Conduite par Dan Fefermen, directeur des affaires internationales de Sharaka, et par un guide touristique typiquement israélien, vêtu d’un jean ample et d’une chemise à motifs, la délégation est entrée dans le complexe des tunnels du mur Occidental, s’émerveillant du génie technique et de la signification religieuse des murs du Temple du roi Hérode.
Les salles sombres et humides dans lesquelles ils sont entrés, qui sont restées intactes jusqu’à leur redécouverte il y a dix ans, sont devenues la scène d’un étrange dialogue inter-confessionnel : les visiteurs musulmans pakistanais ont comparé les notes du Coran avec les connaissances bibliques du guide israélien, confirmant l’existence de récits communs et soulignant les subtiles différences.
Les tunnels ont été un point sensible du conflit israélo-palestinien.
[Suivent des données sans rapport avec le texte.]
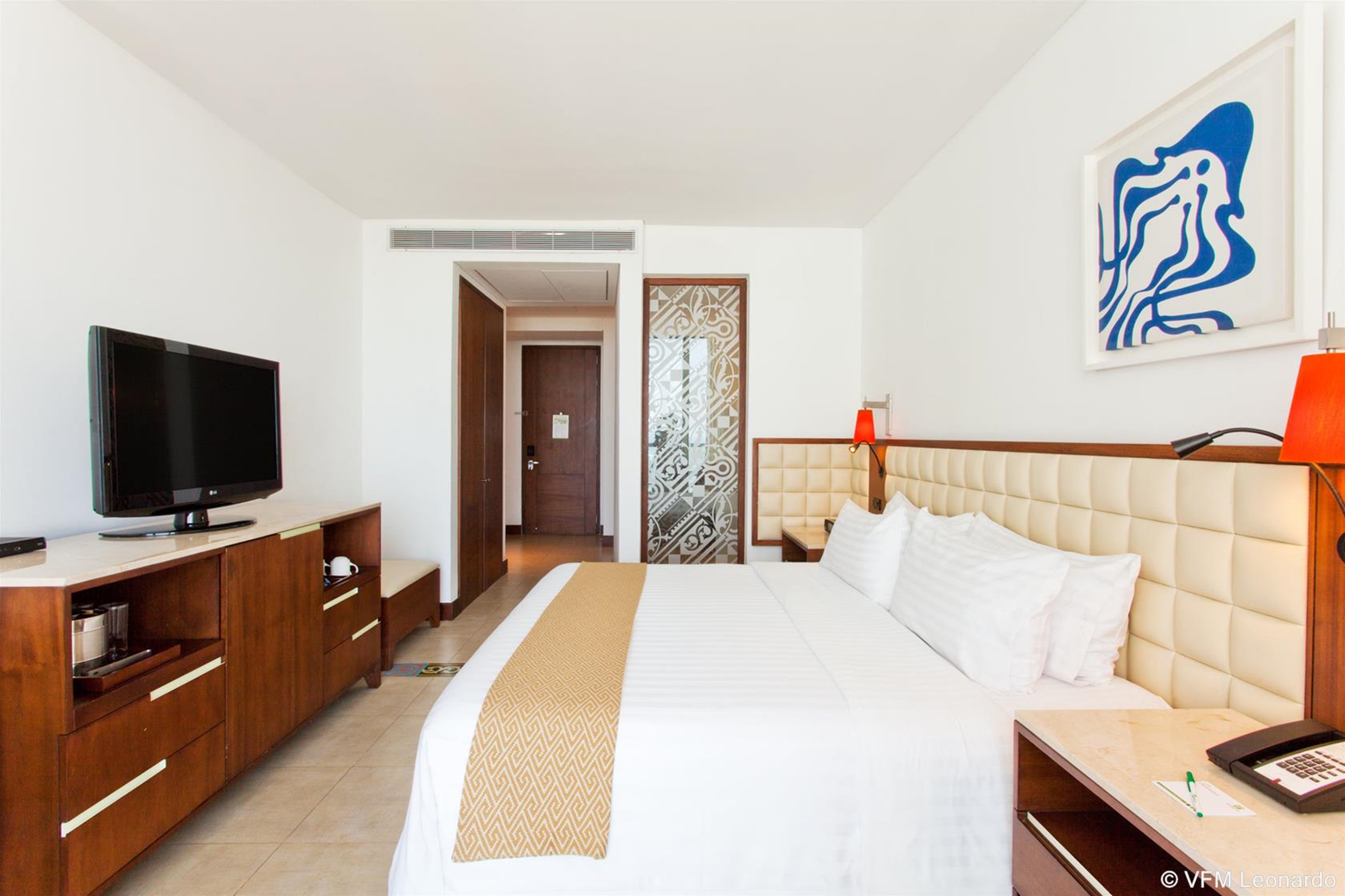 Double King Size Bed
En 1996, des fouilles sous le quartier musulman de la Vieille Ville, autorisées par le Premier ministre de l’époque, Benjamin Netanyahu, ont déclenché trois jours d’émeutes en Cisjordanie et à Gaza, qui ont coûté la vie à 25 soldats de Tsahal et à plus de 100 Palestiniens.
Alors que les accords de paix très médiatisés entre Israël et les Émirats arabes unis, Bahreïn et le Maroc ont attiré l’attention du monde entier, de subtiles conversations souterraines se poursuivent avec d’autres puissants pays islamiques – le Pakistan, l’Indonésie, l’Arabie saoudite et d’autres.
Alors que la conversation dans le tunnel touchait à sa fin et que le groupe se dirigeait vers la sortie de la place du mur Occidental, un responsable a dit, comme s’il faisait une déclaration publique, les mots suivants : « la merveille du monde », en regardant les masses de fidèles juifs se balançant au pied du mur, du mont du Temple avec le dôme doré du Dôme du Rocher au-dessus. Tous ont hoché la tête en signe d’approbation.